Une des raisons avancées de l'aveuglement général réside selon Steve KEEN, non dans une sorte de conspiration mais plutôt dans une "vision téléologique que les économistes ont adoptée depuis la première formulation par Adam Smith de l'analogie de la "main invisible", pour expliquer le fonctionnement d'une économie de marché. La vision d'un monde si bien coordonné qu'aucun  pouvoir supérieur n'est nécessaire pour le diriger et qu'aucun pouvoir individuel n'est suffisant pour le corrompre, a séduit l'esprit de nombreux jeunes étudiants de la discipline. Je devrais le savoir, car j'ai été l'un  d'entre eux ; si Internet avait existé à l'époque où j'étais étudiant, quelqu'un, quelque part, aurait pu mettre en ligne l'essai que j'avais écrit durant ma dernière année d'université, prônant l'abolition tant des syndicats que des monopoles. Aucune entreprise ne m'avait payé le moindre centime pour écrire ce papier (bien que désormais, si on avait accès à cet article, je serais heureux de payer une entreprise pour le dissimuler). Ce qui m'a permis de rompre avec cette analyse délirante fut ce que les Australiens appellent un "détecteur de foutaises". A un moment, l'absurdité des hypothèses requises pour soutenir la vision de la main invisible m'a conduit à rompre avec cette approche et à devenir l'économiste critique que je suis aujourd'hui." 

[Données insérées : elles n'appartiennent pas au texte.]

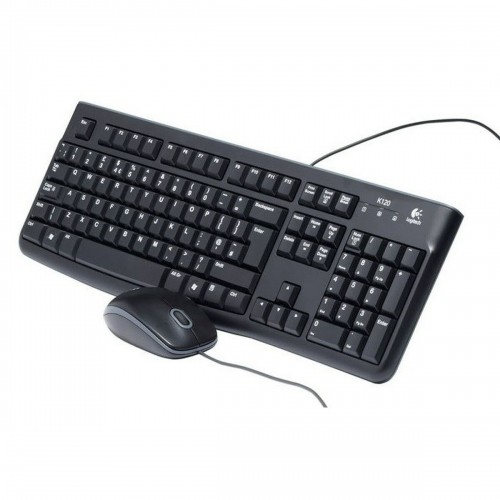 Клавиатура Logitech LGT-MK120-US Чёрный Нидерландский QWERTY image 1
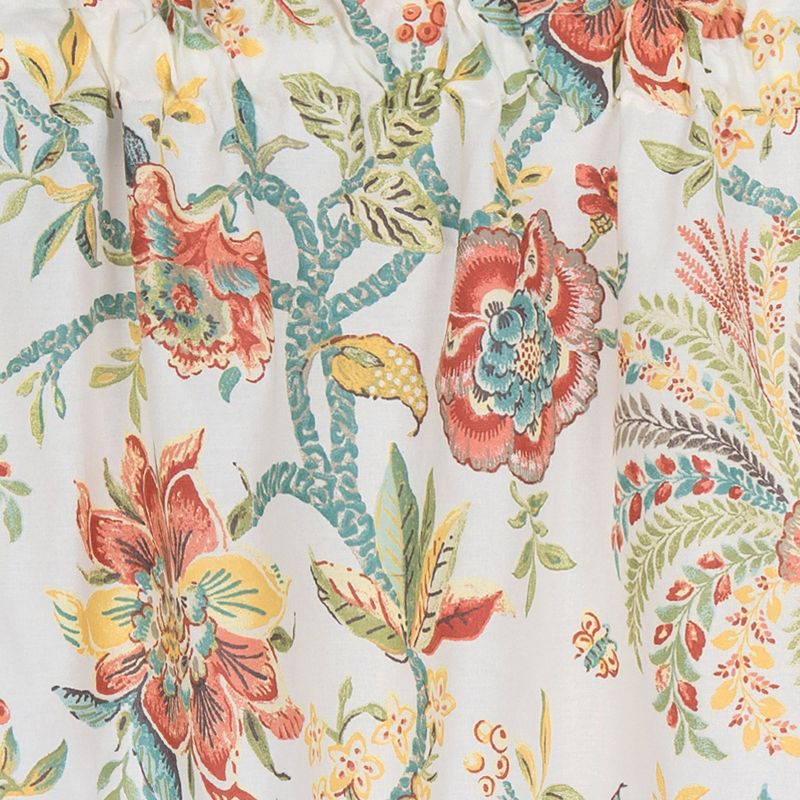 Heritage Lace 53" Halloween Phantom Drape Window Swag Valance - Black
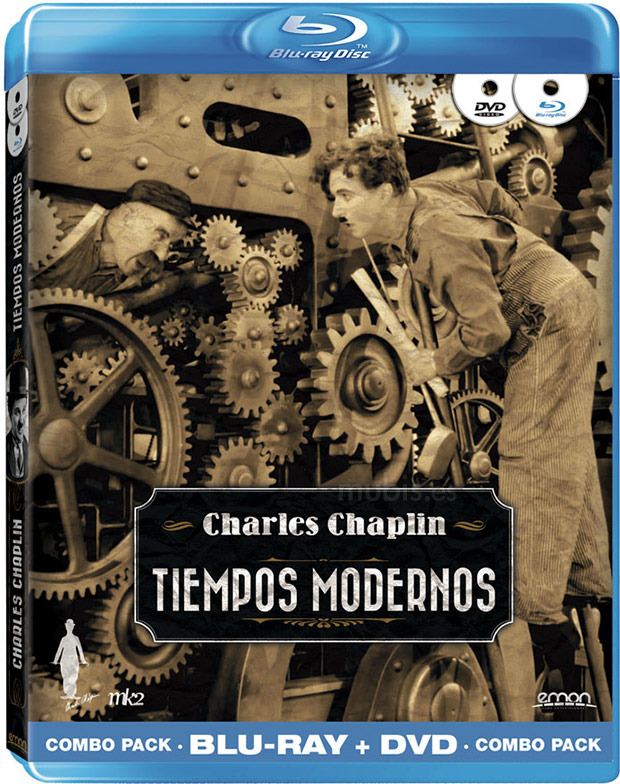 carátula Tiempos Modernos (Combo Blu-ray + DVD) Blu-ray 1
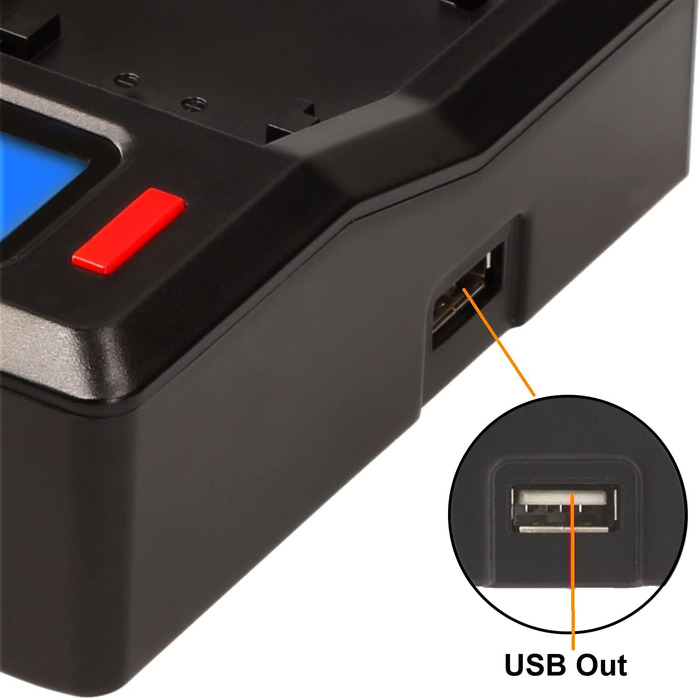 Зарядний пристрій HEDBOX 2-портовий з LCD-дисплеєм для акумуляторів Sony NP-F550, F770, F970 та Hedbox RP-NPF550, NPF770, NPF970, NPF1000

L'interprétation sociale, poursuit-il "un peu exagérée des raisons pour lesquelles les économistes néoclassiques ont prospéré constitue une part de l'explication de leur domination. Un grand nombre des chercheurs les plus fameux de l'économie académique américaine ont vécu au croisement entre l'académie, le gouvernement et les milieux d'affaires, la finance en particulier. Bien qu'effectivement à des années-lumière du monde réel, leurs théories ont fourni un écran de fumée derrière lequel a pris place une concentration sans précédent de la richesses et du pouvoir économique. Pourtant, elles sont devenies des outils utiles pour les riches financiers, même si elles sont inutiles - et en fait largement nocives - pour le capitalisme lui-même.(...)".

  L'auteur reste dans le cadre du fonctionnement du capitalisme et attaque autant les théories marxistes que les théories néo-libérales (notamment dans leur explication de l'évolution économique). Il estime que l'économie marxiste est bien plus solide une fois débarrassée de la théorie de valeur travail, et que bien de ses éléments cadrent plus avec le réel que bien d'autres théories. Analysant l'apport de bien de théories alternatives au l'économie néo-libérale (les écoles autrichienne, post-keynésienne, sraffienne, de la complexité et évolutionnaire), partisan plutôt de l'approche post-keynésienne, le professeur d'économie et de la finance estime qu'il existe bien des alternatives à l'économie officielle.

 

Steve KEEN, L'imposture économique, Les éditions de l'atelier, 2014, 520 pages environ.